執筆者:齊藤哲也

「仏文便り」はじめました!

2023.03.28

フランス文学科ホームページのリニューアルに合わせて、「仏文便り」というあらたなコーナーをつくりました。

このページでは、フランスのことや、研究のことや、大学生活のことや、その他あれやこれやを、教員、卒業生、大学院生……などなどに、ブログ・スタイルで語ってもらおうと思っています。

リニューアルされた学科ホームページが公開されるのは、この(2023年の)4月と聞いています。

4月といえば新学期。新学期といえば……、なにかと「はりきって」いる人が多いのではないでしょうか? 受験生であれば、1日12時間勉強してやろうとか、大学1年生であれば、1ヶ月でフランス語の文法を全部マスターしてやろうとか、おなじく大学生であれば、映画を早送りで1日20本見てやろうとか、あるいは就活中の4年生であれば、「本当の自分」と出会うため1日最低3回の自己分析をノルマにしようとか……。

まあまあ、そんなに焦らないで。
というわけで、なにかと「はりきって」いるだろうみなさんのあたまを少しクールダウンしてもらうためにも、4月ですので「怠ける」をテーマに少し書いてみようと思います。

このホームページのなかの「教員紹介」にも書きましたが、わたしは「シュルレアリスムle surréalisme」というものについて勉強しています。シュルレアリスムとは、とりあえず「20世紀に生まれた文学や芸術の運動」といえますが、このシュルレアリスムのメンバーたちが1938年に一風変わった「辞書」を出版しています。そのページをぱらぱらとめくってみると、次のような不思議な項目に出会います:

“ PARESSE 怠惰――「おお怠惰よ、われらの長き悲惨を哀れんでくれ! おお怠惰よ、芸術と高貴な美徳の母、人間の苦しみの癒しとなってくれ!」(ポール・ラファルグ) (アンドレ・ブルトン、ポール・エリュアール編『シュルレアリスム簡約事典』江原順訳、現代思潮社、1971年から引用。訳語を一部変更した) ”

ここで「怠惰」と訳されているフランス語の « paresse »は、簡単な言葉で日本語に訳すと「怠ける」という意味の言葉です。どうやら「怠ける」ことが称賛されているらしい――これはどういうことでしょうか?

そのまえに、上で引用されている言葉は「ポール・ラファルグ」なる人物の言葉であるとされています。この人物はいったい誰でしょうか?

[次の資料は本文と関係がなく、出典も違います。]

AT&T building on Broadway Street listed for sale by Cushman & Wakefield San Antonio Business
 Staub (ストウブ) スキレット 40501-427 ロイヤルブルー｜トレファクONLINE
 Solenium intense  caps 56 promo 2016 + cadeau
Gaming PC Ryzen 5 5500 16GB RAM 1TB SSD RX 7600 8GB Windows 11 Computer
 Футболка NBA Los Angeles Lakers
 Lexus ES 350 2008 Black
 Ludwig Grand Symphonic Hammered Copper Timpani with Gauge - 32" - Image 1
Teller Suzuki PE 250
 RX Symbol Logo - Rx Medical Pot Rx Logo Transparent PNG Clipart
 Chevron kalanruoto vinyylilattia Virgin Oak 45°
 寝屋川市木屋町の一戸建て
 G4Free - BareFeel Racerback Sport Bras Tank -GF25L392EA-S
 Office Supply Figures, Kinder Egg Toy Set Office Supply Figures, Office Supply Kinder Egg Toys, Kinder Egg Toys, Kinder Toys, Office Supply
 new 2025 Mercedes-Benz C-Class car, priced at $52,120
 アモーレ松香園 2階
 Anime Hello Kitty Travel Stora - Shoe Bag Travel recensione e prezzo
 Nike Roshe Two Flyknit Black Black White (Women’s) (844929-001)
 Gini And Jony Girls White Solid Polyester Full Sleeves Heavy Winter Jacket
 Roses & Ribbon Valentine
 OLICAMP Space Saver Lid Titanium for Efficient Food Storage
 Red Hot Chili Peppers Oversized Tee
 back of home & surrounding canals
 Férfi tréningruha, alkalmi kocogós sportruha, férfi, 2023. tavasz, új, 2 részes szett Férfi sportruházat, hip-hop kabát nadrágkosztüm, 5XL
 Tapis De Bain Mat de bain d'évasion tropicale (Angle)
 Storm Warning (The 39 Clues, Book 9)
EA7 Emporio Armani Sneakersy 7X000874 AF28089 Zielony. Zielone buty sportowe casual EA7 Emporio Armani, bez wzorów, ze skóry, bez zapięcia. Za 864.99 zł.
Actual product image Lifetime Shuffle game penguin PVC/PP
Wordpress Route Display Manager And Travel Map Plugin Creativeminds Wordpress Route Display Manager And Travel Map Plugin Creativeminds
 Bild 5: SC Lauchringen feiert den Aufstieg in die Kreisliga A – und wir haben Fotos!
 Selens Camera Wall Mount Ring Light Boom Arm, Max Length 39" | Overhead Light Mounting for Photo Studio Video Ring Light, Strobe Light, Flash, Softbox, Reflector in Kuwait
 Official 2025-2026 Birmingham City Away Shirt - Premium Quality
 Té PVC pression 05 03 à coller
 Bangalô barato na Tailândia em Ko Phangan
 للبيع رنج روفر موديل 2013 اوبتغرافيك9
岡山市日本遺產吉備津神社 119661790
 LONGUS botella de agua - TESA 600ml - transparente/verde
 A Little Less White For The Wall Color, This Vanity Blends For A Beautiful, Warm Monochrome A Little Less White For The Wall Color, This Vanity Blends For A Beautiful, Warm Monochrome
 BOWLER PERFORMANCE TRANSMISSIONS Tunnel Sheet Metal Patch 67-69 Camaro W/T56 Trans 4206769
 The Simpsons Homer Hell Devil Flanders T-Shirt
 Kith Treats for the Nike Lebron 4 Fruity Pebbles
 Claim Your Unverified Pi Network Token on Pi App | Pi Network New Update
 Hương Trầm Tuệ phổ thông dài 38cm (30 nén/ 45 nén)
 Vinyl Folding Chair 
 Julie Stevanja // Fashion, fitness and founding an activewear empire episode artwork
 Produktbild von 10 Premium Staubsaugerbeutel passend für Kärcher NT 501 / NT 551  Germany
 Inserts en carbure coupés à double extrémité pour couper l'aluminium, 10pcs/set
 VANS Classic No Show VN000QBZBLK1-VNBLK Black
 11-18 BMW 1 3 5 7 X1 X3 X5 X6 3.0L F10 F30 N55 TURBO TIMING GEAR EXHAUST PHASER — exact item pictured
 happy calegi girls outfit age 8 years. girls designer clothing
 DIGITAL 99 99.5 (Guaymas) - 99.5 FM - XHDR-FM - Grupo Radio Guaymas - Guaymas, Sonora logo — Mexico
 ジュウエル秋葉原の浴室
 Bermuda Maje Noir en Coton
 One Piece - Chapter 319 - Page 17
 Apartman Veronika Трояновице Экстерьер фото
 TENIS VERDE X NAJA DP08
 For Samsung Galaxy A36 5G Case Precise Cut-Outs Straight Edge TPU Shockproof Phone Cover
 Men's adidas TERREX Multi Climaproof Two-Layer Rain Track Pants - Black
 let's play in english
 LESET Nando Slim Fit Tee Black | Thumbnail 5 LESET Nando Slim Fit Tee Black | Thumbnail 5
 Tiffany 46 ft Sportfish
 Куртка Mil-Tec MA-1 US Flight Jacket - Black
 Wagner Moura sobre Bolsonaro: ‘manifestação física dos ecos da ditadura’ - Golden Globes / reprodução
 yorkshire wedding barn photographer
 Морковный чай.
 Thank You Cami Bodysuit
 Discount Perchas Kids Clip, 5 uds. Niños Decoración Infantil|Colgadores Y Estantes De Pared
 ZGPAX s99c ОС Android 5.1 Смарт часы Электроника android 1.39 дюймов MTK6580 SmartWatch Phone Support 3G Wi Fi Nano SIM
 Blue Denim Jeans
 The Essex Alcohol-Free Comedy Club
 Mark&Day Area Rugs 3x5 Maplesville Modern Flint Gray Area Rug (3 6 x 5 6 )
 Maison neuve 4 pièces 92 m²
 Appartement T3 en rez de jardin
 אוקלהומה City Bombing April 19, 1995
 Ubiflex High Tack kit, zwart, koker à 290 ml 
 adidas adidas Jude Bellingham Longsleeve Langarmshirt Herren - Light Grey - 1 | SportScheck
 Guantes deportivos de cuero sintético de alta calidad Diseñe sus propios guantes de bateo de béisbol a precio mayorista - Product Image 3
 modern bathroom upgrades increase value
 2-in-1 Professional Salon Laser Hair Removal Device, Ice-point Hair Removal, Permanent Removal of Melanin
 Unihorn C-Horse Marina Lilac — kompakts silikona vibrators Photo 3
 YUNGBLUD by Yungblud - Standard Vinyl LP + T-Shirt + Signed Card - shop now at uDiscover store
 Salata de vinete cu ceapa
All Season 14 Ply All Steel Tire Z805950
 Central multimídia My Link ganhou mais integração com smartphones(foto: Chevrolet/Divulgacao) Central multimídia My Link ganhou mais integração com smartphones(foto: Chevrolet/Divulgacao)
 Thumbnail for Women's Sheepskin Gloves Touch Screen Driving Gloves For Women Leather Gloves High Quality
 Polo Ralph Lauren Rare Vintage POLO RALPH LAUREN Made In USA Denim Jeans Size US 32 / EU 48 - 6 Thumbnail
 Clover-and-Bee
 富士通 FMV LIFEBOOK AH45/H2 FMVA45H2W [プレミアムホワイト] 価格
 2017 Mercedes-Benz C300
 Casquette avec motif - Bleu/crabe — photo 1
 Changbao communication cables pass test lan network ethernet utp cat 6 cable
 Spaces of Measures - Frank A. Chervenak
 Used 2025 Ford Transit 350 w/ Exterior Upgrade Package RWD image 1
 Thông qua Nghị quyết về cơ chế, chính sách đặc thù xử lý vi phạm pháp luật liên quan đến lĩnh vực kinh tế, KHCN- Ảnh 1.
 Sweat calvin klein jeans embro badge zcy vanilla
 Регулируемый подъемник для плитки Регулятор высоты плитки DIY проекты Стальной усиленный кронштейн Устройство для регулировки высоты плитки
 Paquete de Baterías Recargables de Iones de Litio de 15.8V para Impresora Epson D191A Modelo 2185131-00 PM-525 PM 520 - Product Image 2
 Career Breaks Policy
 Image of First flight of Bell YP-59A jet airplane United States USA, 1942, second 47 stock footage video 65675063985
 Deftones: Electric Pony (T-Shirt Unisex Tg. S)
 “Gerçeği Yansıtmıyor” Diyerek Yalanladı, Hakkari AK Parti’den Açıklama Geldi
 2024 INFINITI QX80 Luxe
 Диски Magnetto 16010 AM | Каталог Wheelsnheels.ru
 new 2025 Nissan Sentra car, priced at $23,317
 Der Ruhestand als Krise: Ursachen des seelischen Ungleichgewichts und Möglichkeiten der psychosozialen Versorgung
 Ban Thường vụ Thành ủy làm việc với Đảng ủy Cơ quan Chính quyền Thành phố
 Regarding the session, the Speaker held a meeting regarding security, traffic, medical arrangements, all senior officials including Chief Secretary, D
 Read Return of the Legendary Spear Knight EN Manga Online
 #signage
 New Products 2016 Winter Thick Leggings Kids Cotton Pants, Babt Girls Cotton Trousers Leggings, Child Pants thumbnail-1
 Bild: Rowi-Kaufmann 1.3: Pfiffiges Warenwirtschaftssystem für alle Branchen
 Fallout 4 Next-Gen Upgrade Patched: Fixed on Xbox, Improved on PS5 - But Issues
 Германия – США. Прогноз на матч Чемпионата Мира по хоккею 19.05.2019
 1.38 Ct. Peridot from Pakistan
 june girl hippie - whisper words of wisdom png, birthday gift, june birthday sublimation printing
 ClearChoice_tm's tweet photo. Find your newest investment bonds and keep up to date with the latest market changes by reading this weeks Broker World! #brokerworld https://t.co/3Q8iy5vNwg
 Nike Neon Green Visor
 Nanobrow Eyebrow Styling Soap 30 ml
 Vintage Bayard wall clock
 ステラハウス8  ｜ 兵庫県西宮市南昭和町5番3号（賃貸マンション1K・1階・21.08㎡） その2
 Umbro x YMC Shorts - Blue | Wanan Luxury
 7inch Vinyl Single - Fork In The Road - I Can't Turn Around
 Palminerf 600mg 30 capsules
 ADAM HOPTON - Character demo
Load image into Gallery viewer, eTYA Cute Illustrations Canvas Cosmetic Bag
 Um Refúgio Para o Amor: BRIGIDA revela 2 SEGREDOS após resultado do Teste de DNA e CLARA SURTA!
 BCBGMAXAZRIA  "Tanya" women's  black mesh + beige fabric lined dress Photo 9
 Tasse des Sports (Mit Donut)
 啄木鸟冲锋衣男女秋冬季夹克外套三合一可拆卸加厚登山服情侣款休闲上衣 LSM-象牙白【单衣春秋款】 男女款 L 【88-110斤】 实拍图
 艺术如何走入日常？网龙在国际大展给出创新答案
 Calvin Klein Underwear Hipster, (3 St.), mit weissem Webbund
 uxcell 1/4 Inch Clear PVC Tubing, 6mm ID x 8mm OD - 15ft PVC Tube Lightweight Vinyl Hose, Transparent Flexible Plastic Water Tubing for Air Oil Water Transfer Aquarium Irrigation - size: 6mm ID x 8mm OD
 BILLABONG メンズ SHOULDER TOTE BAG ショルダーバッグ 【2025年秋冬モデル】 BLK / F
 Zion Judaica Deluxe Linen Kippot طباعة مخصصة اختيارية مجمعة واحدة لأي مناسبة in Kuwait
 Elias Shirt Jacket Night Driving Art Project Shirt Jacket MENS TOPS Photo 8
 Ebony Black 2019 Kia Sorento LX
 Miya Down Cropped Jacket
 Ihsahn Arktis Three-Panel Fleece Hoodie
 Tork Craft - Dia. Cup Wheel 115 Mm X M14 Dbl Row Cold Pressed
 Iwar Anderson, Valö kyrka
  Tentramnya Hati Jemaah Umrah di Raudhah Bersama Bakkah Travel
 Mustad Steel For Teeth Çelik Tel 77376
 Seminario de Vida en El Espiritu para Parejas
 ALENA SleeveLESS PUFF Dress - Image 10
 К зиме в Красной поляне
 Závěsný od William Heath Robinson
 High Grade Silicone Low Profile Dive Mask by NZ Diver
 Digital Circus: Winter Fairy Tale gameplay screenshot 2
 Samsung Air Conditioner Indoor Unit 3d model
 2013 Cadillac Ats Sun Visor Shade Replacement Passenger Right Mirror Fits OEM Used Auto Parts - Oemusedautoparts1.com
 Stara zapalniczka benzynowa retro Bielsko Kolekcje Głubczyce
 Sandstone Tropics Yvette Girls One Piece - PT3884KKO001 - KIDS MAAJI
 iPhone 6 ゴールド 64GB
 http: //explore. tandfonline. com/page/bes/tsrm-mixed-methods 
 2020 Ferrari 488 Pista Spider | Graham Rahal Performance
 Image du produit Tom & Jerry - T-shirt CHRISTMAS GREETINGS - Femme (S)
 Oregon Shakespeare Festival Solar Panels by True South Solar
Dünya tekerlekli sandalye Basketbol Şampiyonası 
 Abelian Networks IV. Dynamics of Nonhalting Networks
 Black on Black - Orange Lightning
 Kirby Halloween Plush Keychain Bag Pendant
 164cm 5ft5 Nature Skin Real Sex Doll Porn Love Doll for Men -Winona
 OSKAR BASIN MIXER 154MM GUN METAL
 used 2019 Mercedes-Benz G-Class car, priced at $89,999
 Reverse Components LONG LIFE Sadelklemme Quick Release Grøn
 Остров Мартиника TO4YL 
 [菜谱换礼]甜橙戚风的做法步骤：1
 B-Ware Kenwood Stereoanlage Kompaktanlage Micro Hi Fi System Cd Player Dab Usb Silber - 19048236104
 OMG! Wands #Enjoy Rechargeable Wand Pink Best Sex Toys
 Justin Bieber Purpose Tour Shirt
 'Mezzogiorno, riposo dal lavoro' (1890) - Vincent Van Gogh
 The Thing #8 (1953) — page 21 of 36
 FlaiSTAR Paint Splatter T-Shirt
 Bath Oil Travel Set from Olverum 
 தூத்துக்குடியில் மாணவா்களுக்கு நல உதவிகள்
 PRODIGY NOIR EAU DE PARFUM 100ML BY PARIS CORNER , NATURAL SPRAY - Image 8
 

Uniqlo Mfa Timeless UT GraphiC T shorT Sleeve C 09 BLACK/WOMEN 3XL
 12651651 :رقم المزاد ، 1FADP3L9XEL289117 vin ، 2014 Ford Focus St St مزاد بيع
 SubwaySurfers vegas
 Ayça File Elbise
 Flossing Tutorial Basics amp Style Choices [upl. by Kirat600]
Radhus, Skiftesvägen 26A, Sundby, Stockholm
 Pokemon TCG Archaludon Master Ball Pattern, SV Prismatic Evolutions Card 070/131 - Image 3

ポール・ラファルグPaul Lafargueは、19世紀後半から20世紀初頭にかけて活躍したフランスの批評家、ジャーナリストです。かれの代表作される著書のタイトルは、なんとその名もずばり、『怠ける権利Le droit à la paresse』(田淵晋也訳、平凡社ライブラリー、2008年)。この本のなかでラファルグは、なんと「1日3時間しか働かず、残りの昼夜は旨いものを食べ、怠けて暮らすように努めなければならない」と主張し、また、どうしてそうしなければならないのかをくわしく説明しています。「怠けて」もいい、のではなく、「怠け」られるように「努め」なければならない、といっている点に注意してください。

ひと言でいえば、ラファルグによれば、「働く」ことは、よいことであるどころか、悪以外のなにものでもない。この括弧でくくった「働く」の場所に、「バイトする」とか「勉強する」とか「プラットフォームを運営してバカ儲けするグローバル企業のためにただ働き(つまり投稿や閲覧)する」とか、いくらでも他の言葉を代入することができるでしょう。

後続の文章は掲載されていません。